Massification of higher education, and prestige projects

In 1993, the Ministry of Education released the Outline for Reform and Development of Education, which put a focus on building up approximately 100 key universities and a number of key disciplines. Project 211, which was mentioned in this plan, was launched through the project “Reform Plan of Teaching Contents and Curriculum of Higher Education Facing the 21st Century” in 2004, which ratified the establishment of 211 big projects and nearly a thousand sub-projects with tens of thousands teachers participating. The plan covered areas of teaching such as teaching ideology, teaching contents, curriculum structure and teaching methodology, and was supported by an advisory group for the consisting of domestic experts from all disciplines (MoE 2010).
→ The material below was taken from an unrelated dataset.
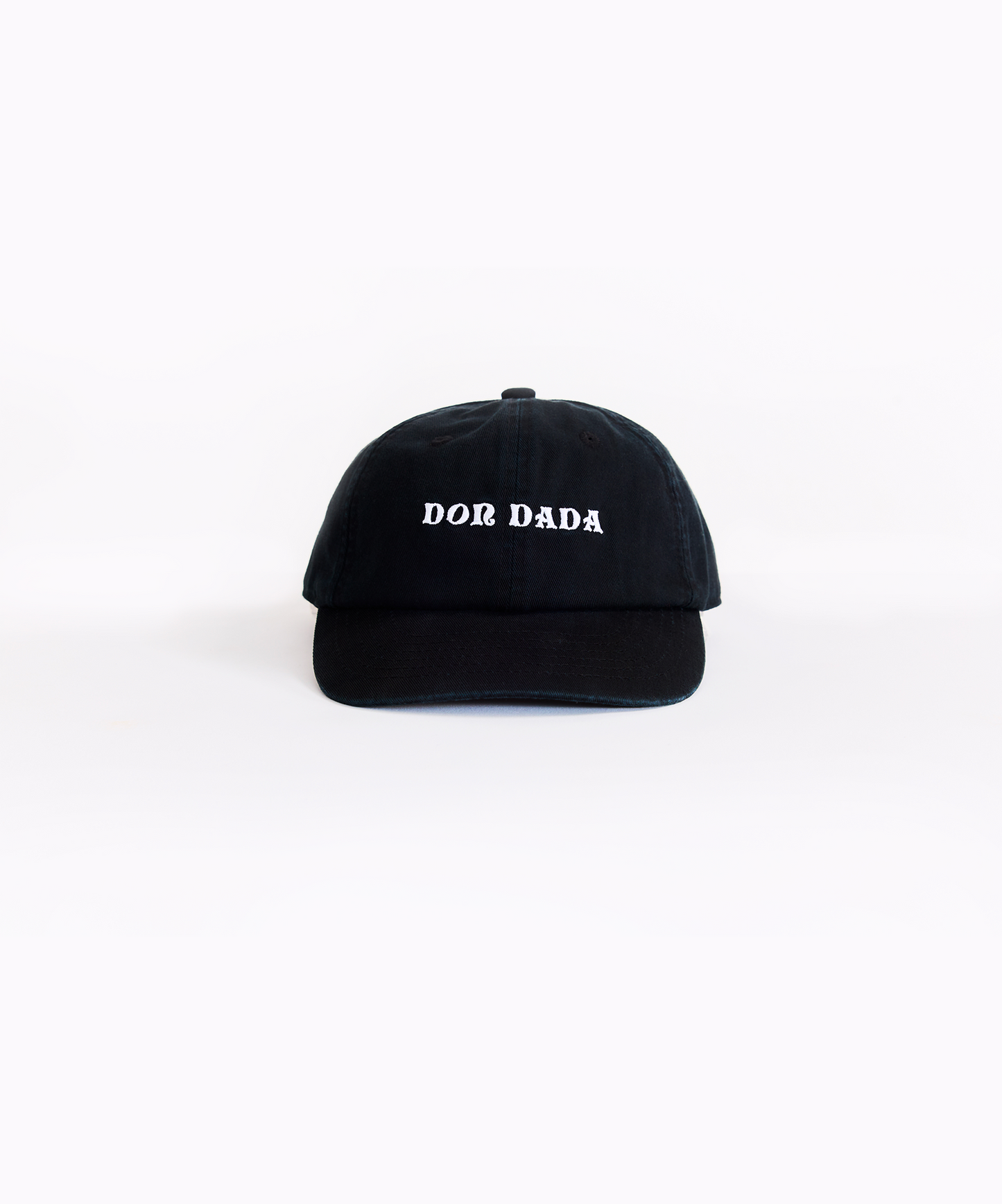 MESSENGER CAP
The project aimed to establish 100 key universities in China by the 21st Century, but according to Futao Huang (2005), it’s key objectives were: to intensively finance Peking University and Tsinghua University to enable them to become world-class universities, to enhance the quality of 25 other leading universities, and to improve the quality of over 300 key disciplines in different institutions. During the first phase, from 1996 to 2002, about 18.3 billion RMB was allocated from the central government, and by September 2004, 99 universities had been selected and given special support by the government (Huang, 2005). 

This was followed by an Action Plan for Education Promotion for the 21st Century in 1998, which mentioned a number of large projects, such as the Project for Creative Talented People with a High Level, the Plan for Creating the Most Excellent Universities and Disciplines in the World, Modern Long-Distance Education, and the Project for Industrializing the High Technology in the Universities (Huang 2005). The Action Plan also launched project 985, which again began by funding Peking University and Tsinghua University intensively. In July 1999, the Ministry of Education added seven more institutions, and by 2010, it had funded 43 universities.

1998 also saw the beginning of the large scale increase in enrolment in Chinese higher education, with the Ministry of Education releasing the “Action Plan to Vitalize Education Facing the Twenty-First Century”. This plan set targets for educational reform and development until 2010, and stipulated a large increase in enrolment. In 1999, Chinese higher education institutions enrolled 4.5 million students, and by 2010, this number has increased to almost 30 million (Pretorius and Xue 2003; Shen 2010). In terms of coverage, the higher education system has gone from covering 3.5% of the cohort in 1991 to 22% in 2002, while the average institutional size quadrupled from 2,381 to 8,715 students (Li and Lin 2008). Since 2003, China has also had the world’s largest national higher education system (UNESCO 2003). 

The final large trend during the 1990s was university mergers. The higher education system was patterned after the Soviet Union, and had a large number of very specialized universities. Many of these were now compelled to join together to form large comprehensive universities (Mao, Du and Liu 2009).